Instructions for the task – Your job here is to restate every record exactly, pictures excluded.
====
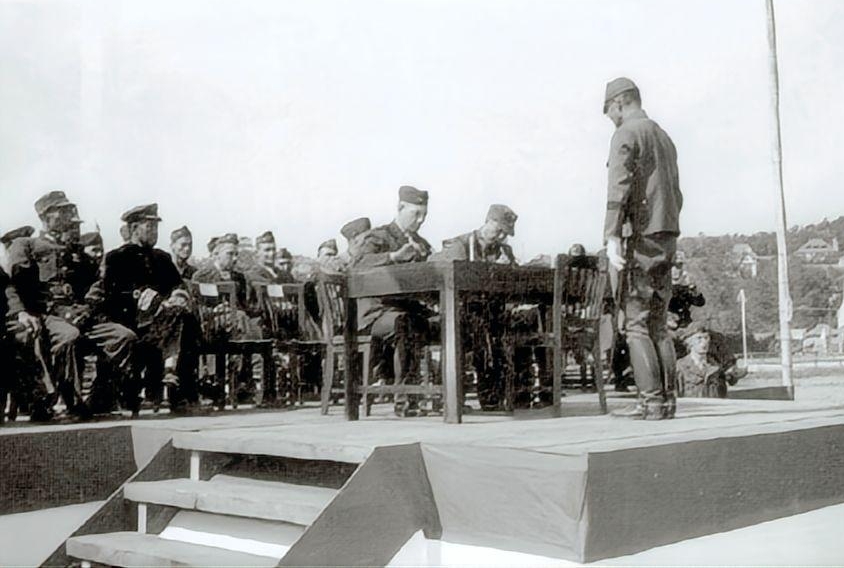 202504211745231066873975873975.jpg 202504211745231066873975873975.jpg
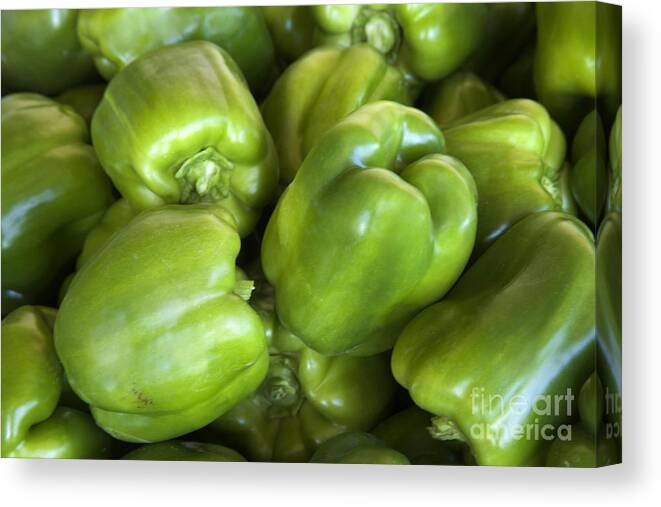Sweet Bell Peppers Canvas Print featuring the photograph Green Bell Peppers by Inga Spence
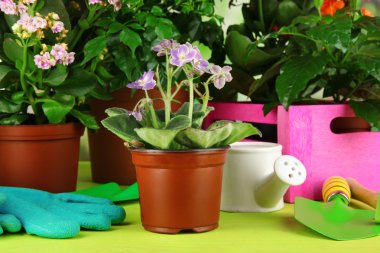 Tencere doğal zemin üzerine ahşap masa üzerine güzel çiçekler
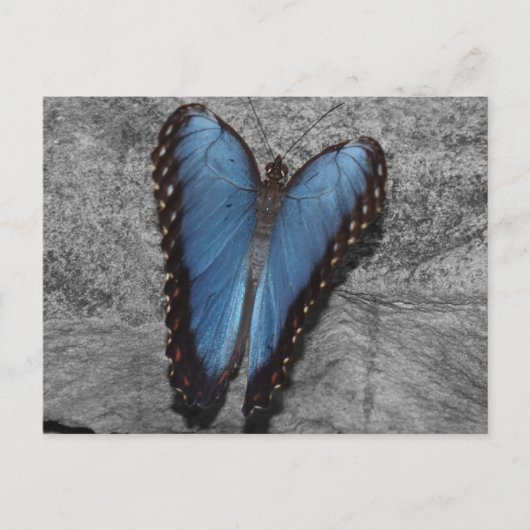 Mooie blauwe vlinder briefkaart (Voorkant)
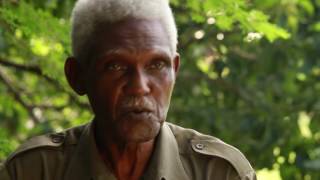 Apigua 30 ans de passion apiculture en Guadeloupe 1323 [upl. by Brenden892]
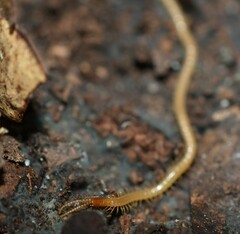 Geophilomorpha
====
Expected output –
 202504211745231066873975873975.jpg 202504211745231066873975873975.jpg
Sweet Bell Peppers Canvas Print featuring the photograph Green Bell Peppers by Inga Spence
 Tencere doğal zemin üzerine ahşap masa üzerine güzel çiçekler
 Mooie blauwe vlinder briefkaart (Voorkant)
 Apigua 30 ans de passion apiculture en Guadeloupe 1323 [upl. by Brenden892]
 Geophilomorpha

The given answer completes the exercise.